Ohio parents lose custody for not allowing daughter's transgender hormone therapy
Demonstrators protest for transgender rights on Feb. 25, 2017, in Chicago. A judge in Ohio took custody away from the parents who would not allow their 17-year-old daughter to undergo transgender hormone replacement therapy. The teen’s maternal grandparents were awarded legal custody. (Scott Olson/Getty Images)\n

Ohio parents lose custody for not allowing daughter's transgender hormone therapy

An Ohio couple lost legal custody of their daughter Friday after refusing to allow her to undergo hormone replacement therapy in order to transition to a male.

Hamilton County Judge Sylvia Sieve Hendon awarded legal custody to the 17-year-old teen’s maternal grandparents, who support the hormone treatment. The judge also called on legislators to enact laws giving transgender minors more legal rights in these situations.

“The Legislature should consider a set of standards by which the Court is able to judge and act upon that minor’s request based upon the child’s maturity,” Hendon wrote in the decision. “That type of legislation would give a voice and a pathway to youth similarly situated as JNS (the teen) without attributing fault to the parents and involving them in protracted litigation which can and does destroy the family unit.”

The case began in February 2017 after the teen moved in with her maternal grandparents after being hospitalized for anxiety and depression, and subsequently diagnosed with gender dysphoria. The teen reported mistreatment by her parents that was causing her to feel suicidal.

What is the reason for the ruling?

The judge wrote in her decision that the court only intrudes on the treatment of the child in life-or-death circumstances. This complaint was based heavily on the teen’s expressed potential for self-harm or suicide, although medical records submitted at the time of the complaint clearly state that the she was not at risk for suicide. Therefore, the judge chose not to consider that in the ruling.

“It is a sad commentary that the Juvenile Court system deals with the suicidal ideation of troubled adolescents on a regular basis but cannot let that threat govern the outcome or disposition of a case before it,” she wrote.

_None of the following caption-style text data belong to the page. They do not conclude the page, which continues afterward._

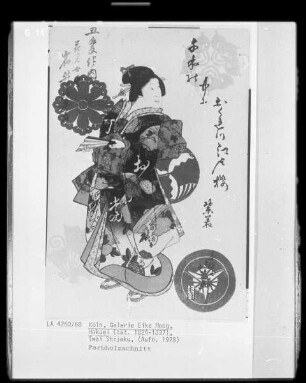 Iwai Shijaku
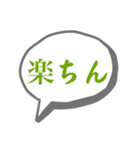 めっちゃ語連結（個別スタンプ：10）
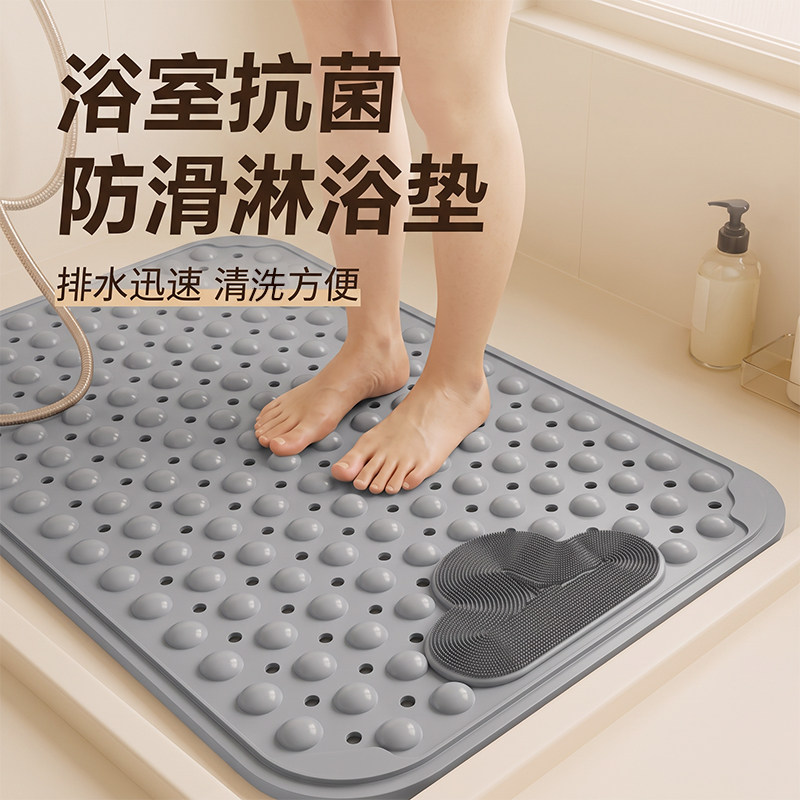 环保tpe沐浴室防滑垫淋浴洗澡房脚垫厕所卫生间地垫老人孕妇按摩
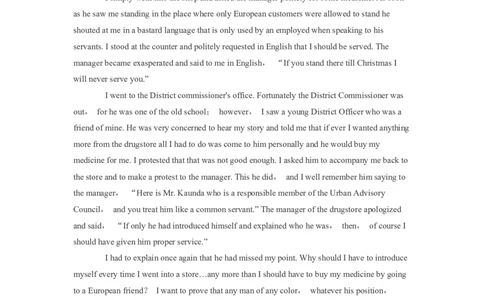 英语专项深度练习&mdash;&mdash;阅读理解(十二)_2025春招题库汇总_国企题库_中国烟草_3Yancao笔试专业完整知识点（仅需看本专业）_3.7英语_3.英语阅读理解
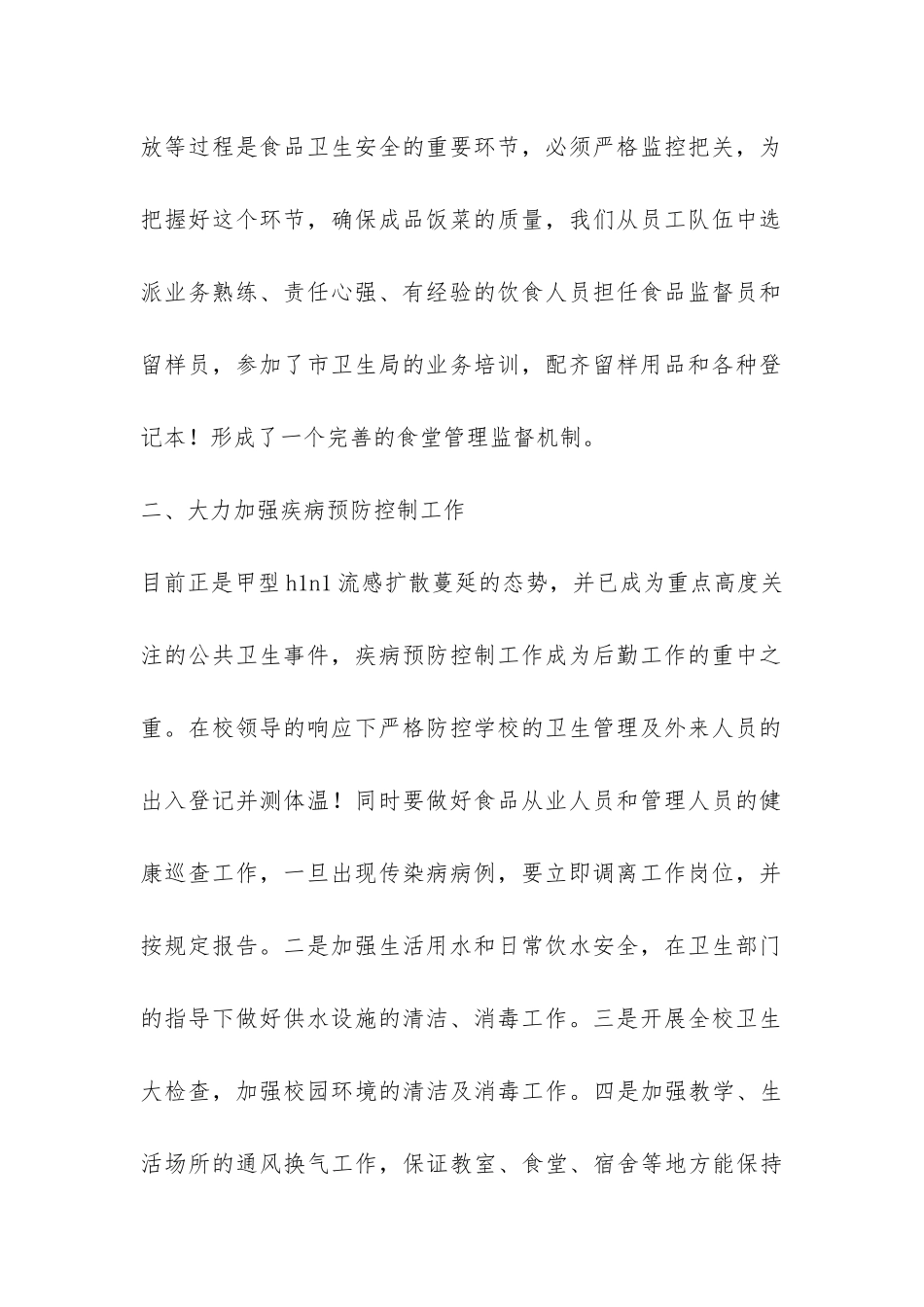 2024年学校行政工作总结-_第2页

Instead, the decision was based on what the court determined to be “in the best interests of this child for the few remaining months of minority.”

The primary factors included:

  • Although they wished to maintain legal custody, the parents agreed that the child should continue to live with the maternal grandparents and stay at the same school she had been attending
  • The child wished to stay with the maternal grandparents
  • The grandparents are suitable caregivers

Did the parents actually do anything wrong?

The judge expressed some empathy toward the parents despite taking legal custody of their child away from them.

Here’s what she wrote about the parents:

“In this case, it is understandable that the parents were legitimately surprised and confused when the child’s anxiety and depression symptoms became the basis for the diagnosis of gender dysphoria. The child had lived until summer of 2016 consistent with the assigned gender at birth. The parents sought appropriate mental health treatment when their child’s generalized anxiety and depression reached the point that hospitalization became necessary. The parents acknowledged that the child expressed suicidal intent if forced to return to their home.”

Despite all that, the parents lost custody because they did not cater to “the reality of the fact that the child truly may be gender non-conforming and has a legitimate right to pursue life with a different gender identity than the one assigned at birth.”

What now?

The grandparents now have legal custody, and the teen will be on their health insurance. Before she can undergo hormone therapy, an independent psychologist must evaluate her gender presentation and feelings of gender non-conformity.

The parents have “reasonable visitation” and are “encouraged to work toward a reintegration of the child into the extended family.”

(H/T WCPO9 Cincinnati)

Want to leave a tip?

We answer to you. Help keep our content free of advertisers and big tech censorship by leaving a tip today.
Want to join the conversation?
Already a subscriber?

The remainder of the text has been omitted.